Mixing slowly, add the cup of water with the oil, the honey, and the rosemary.
Then, while mixing, add a little more water, enough to keep the dough from getting hard bits, sprinkle in raisins, and continue adding water until a good dough forms. You don't want to put the raisins in too early or too late.
I'm sorry, this is how I make bread. I don't know how much water I add, partially because I've added a certain somewhat unknown amount of liquid in the starter and potato water, and partly because I hate measuring and I know what the dough should look like.
And what should it look like? It should look lumpy and a little looser than most recipes tell you, because the second mistake (after the lack of salt) home bakers make is to have a dough that is too stiff. That's because they are going to knead it by hand, and it's too hard to knead a soft dough, but a soft dough makes a better bread.
And a less-kneaded but longer- and cooler-risen dough makes a better bread!
So instead, once the flour is all mixed and you have something somewhat resembling what you consider dough but maybe a little gloopier, let it rest for at least 20 minutes.
Just walk away and do something else. You can cover with a wet towel if you like.
After 20 minutes, or 40 minutes, or whatever (you just don't want it crawling up your mixer top), give the mixer a few turns, and you will see the dough smooth out miraculously and the gluten strands form. Turn into a big oiled bowl, cover with the towel, and let rise slowly (not easy in this heat but I don't recommend bread baking when it's 100* anyway!).

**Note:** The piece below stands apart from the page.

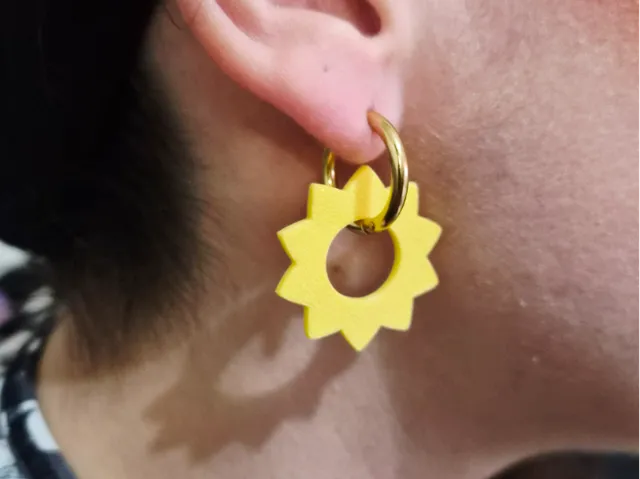 Simple sunflower earring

Gently turn it on itself -- don't "punch down" and don't be rough, but do sort of massage it like it's the sweetest baby -- and let it rise again.
Form into at least 3 loaves (gently!), set the oven at 375*, and when it's risen for about 40 minutes, slash the loaves and bake for 40 minutes or until a meat thermometer registers 200* in the center of the loaf.
Let the loaves cool completely on a rack. Then dig into one and freeze the other two!
This bread is heavenly with butter and honey.